> **Instructions to follow**: Everything in the listing below should be repeated verbatim, apart from the pictures.

> **Dataset section**:
::::::
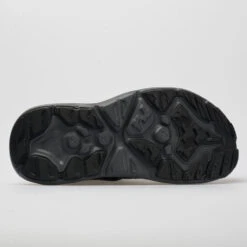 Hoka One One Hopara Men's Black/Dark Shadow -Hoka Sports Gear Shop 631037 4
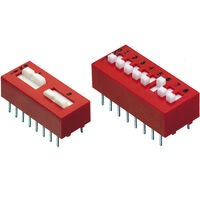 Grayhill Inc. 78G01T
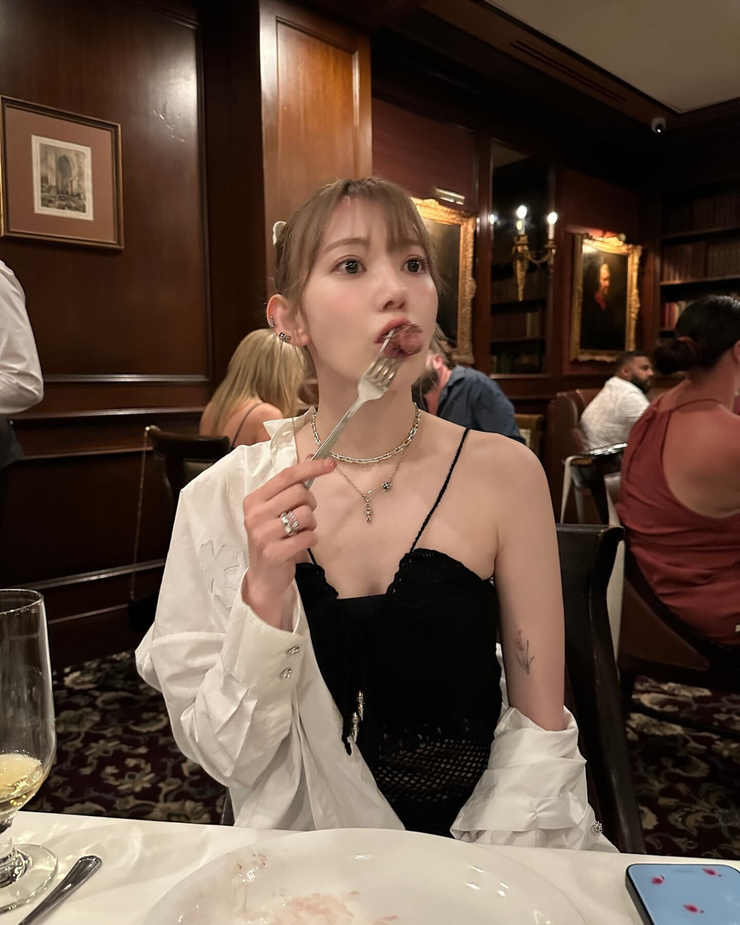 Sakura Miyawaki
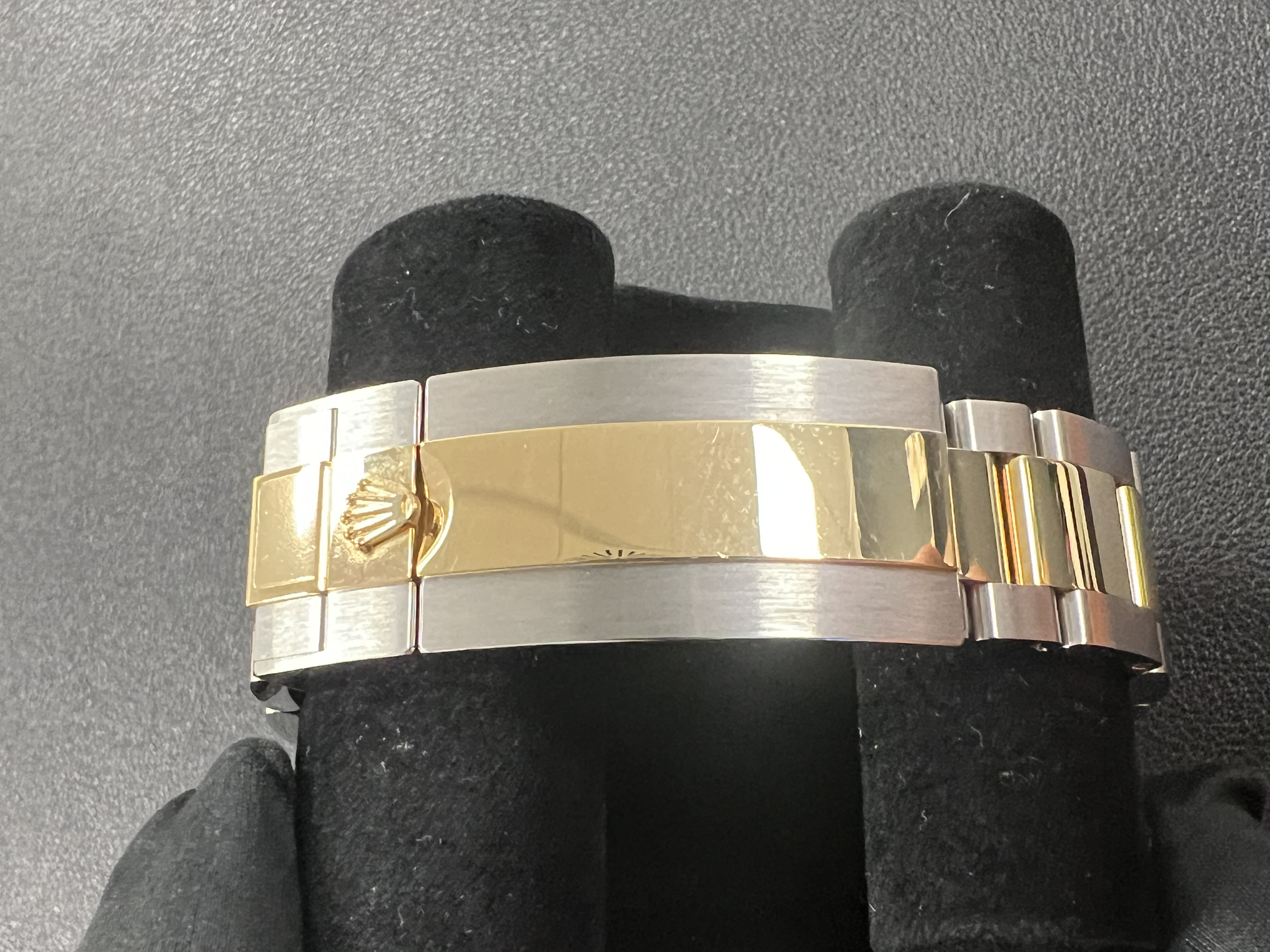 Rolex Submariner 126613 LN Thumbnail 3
::::::
> **Task result**:
 Hoka One One Hopara Men's Black/Dark Shadow -Hoka Sports Gear Shop 631037 4
 Grayhill Inc. 78G01T
 Sakura Miyawaki
 Rolex Submariner 126613 LN Thumbnail 3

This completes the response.